→ DATA TO PROCESS:
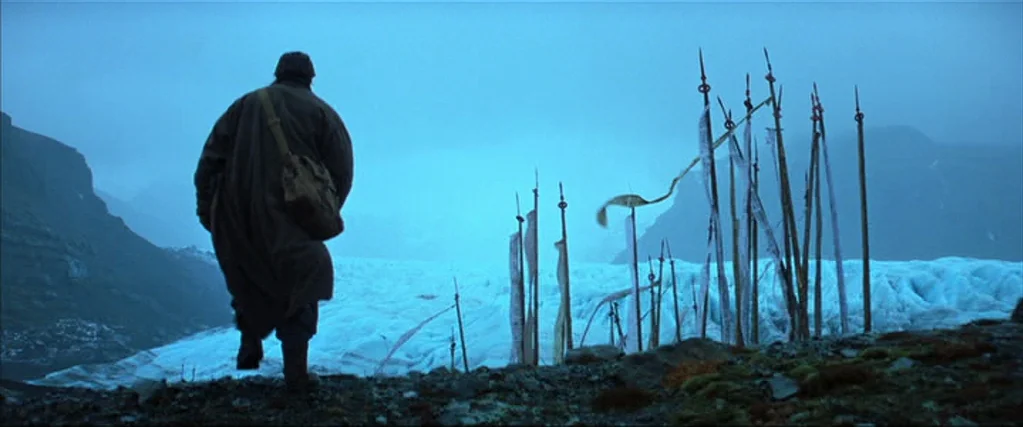 Batman Begins (2005) movie still: wide — A vast glacier sits between dark mountain slopes under a thick, overcast sky. A person wearing a long coat…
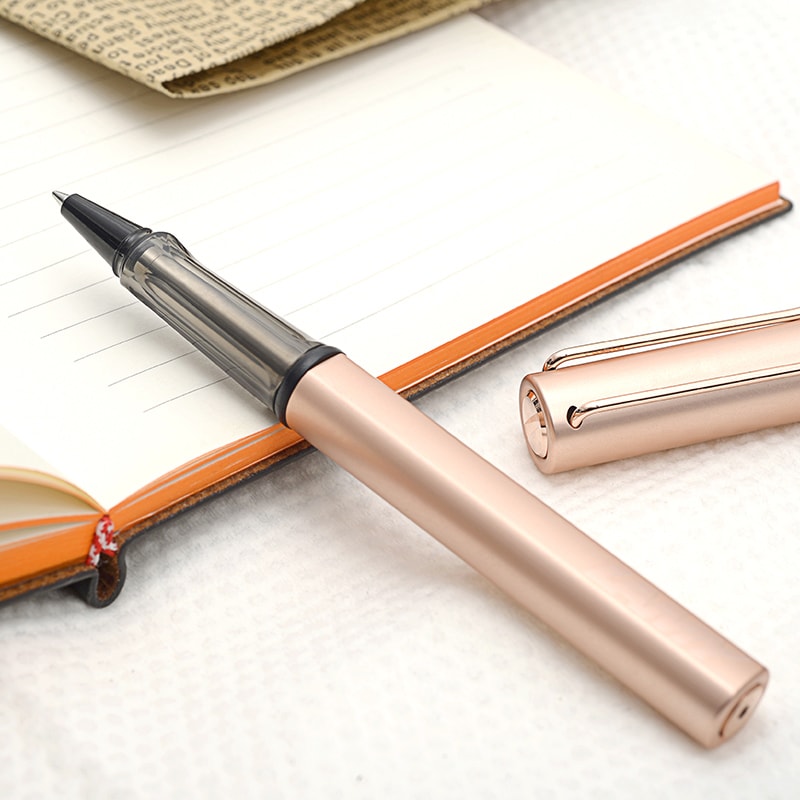 Lamy Lx Rollerball Pen Rose Gold — flat lay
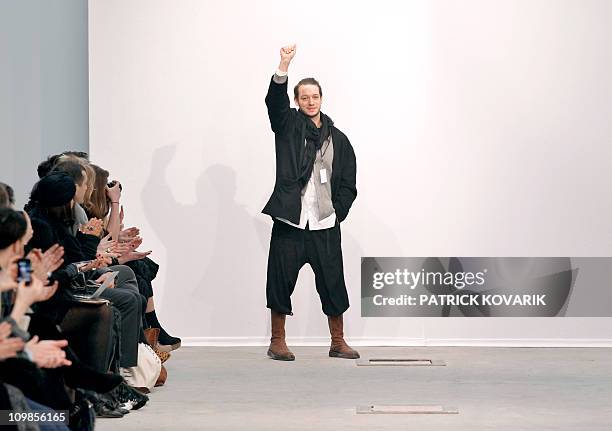 Croatian designer Damir Doma acknowledges the public following the Autumn/Winter 2011-2012 ready-to-wear collection show on March 2, 2011 in Paris....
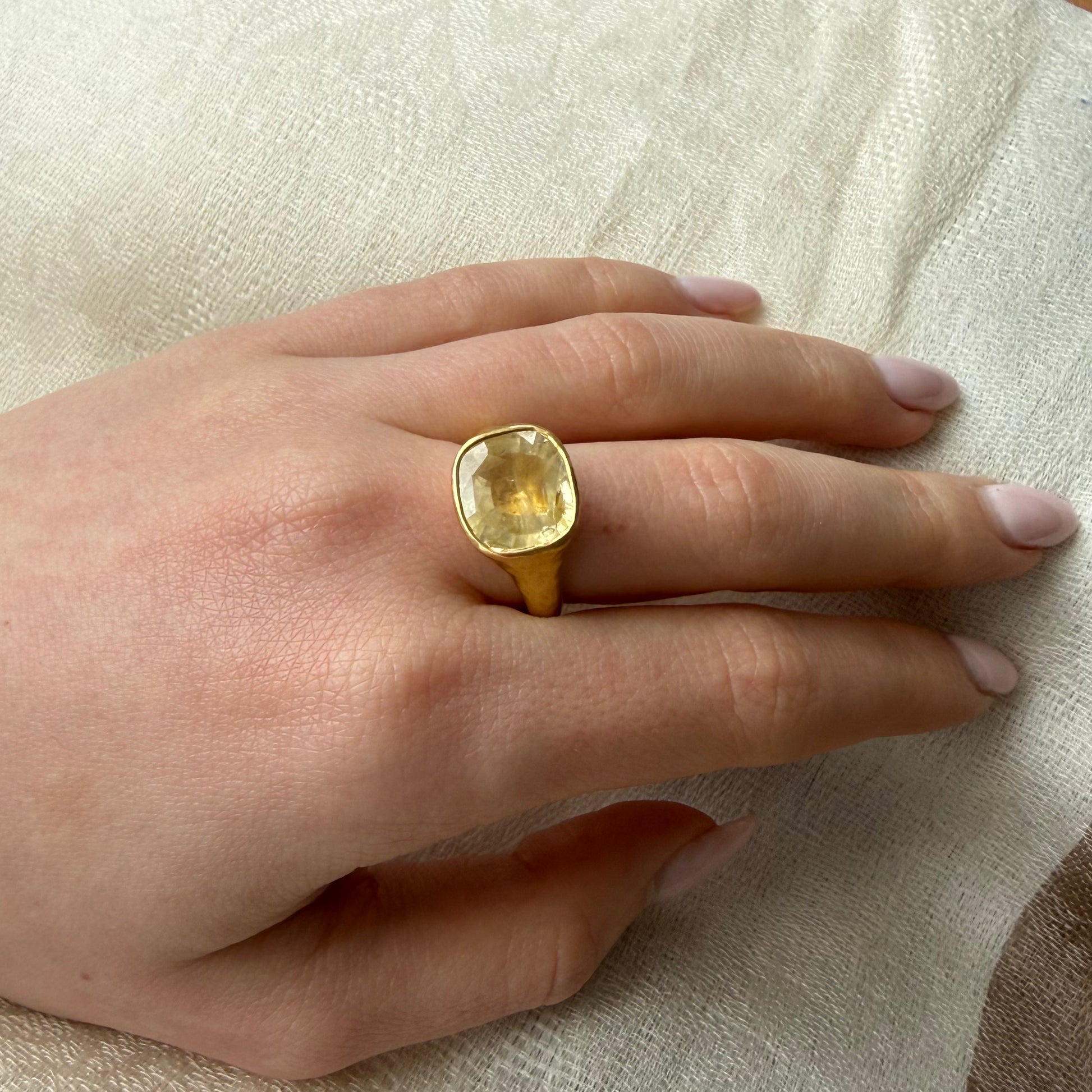 Hand wearing a 22ct gold ring with a large yellow sapphire natural unheated gemstone on a beige fabric background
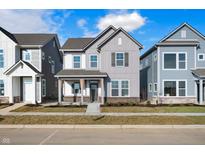 Two-story home with gray and white siding, stone accents, and a covered porch at 816 James William Ln, Westfield, IN 46074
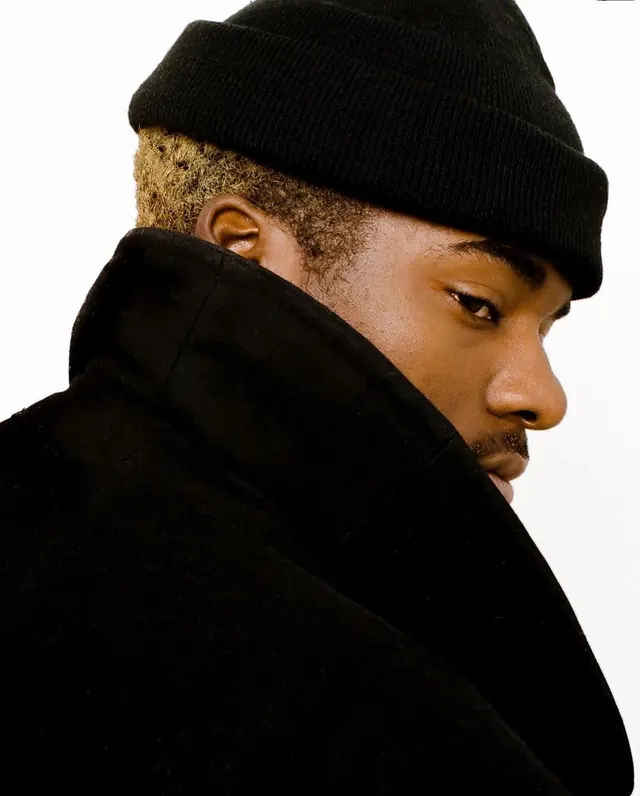 Portrait of a man in a black beanie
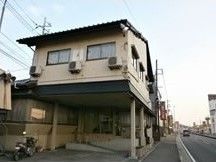 ２階建ての建物の１階部分には広い駐車場が広がっている。和風の建物。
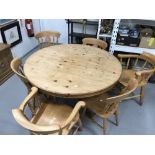 20th cent. Circular pine table with single pedestal, 54ins. diameter, and six beech chairs including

→ WHAT IS EXPECTED:
With the pictures omitted, set down each line exactly, starting at the first line of the records above and ending with the line that contains "２階建ての建物の１階部分には広い駐車場が広がっている。和風の建物。".

→ RESULT OF THE EXERCISE:
 Batman Begins (2005) movie still: wide — A vast glacier sits between dark mountain slopes under a thick, overcast sky. A person wearing a long coat…
 Lamy Lx Rollerball Pen Rose Gold — flat lay
 Croatian designer Damir Doma acknowledges the public following the Autumn/Winter 2011-2012 ready-to-wear collection show on March 2, 2011 in Paris....
 Hand wearing a 22ct gold ring with a large yellow sapphire natural unheated gemstone on a beige fabric background
 Two-story home with gray and white siding, stone accents, and a covered porch at 816 James William Ln, Westfield, IN 46074
 Portrait of a man in a black beanie
 ２階建ての建物の１階部分には広い駐車場が広がっている。和風の建物。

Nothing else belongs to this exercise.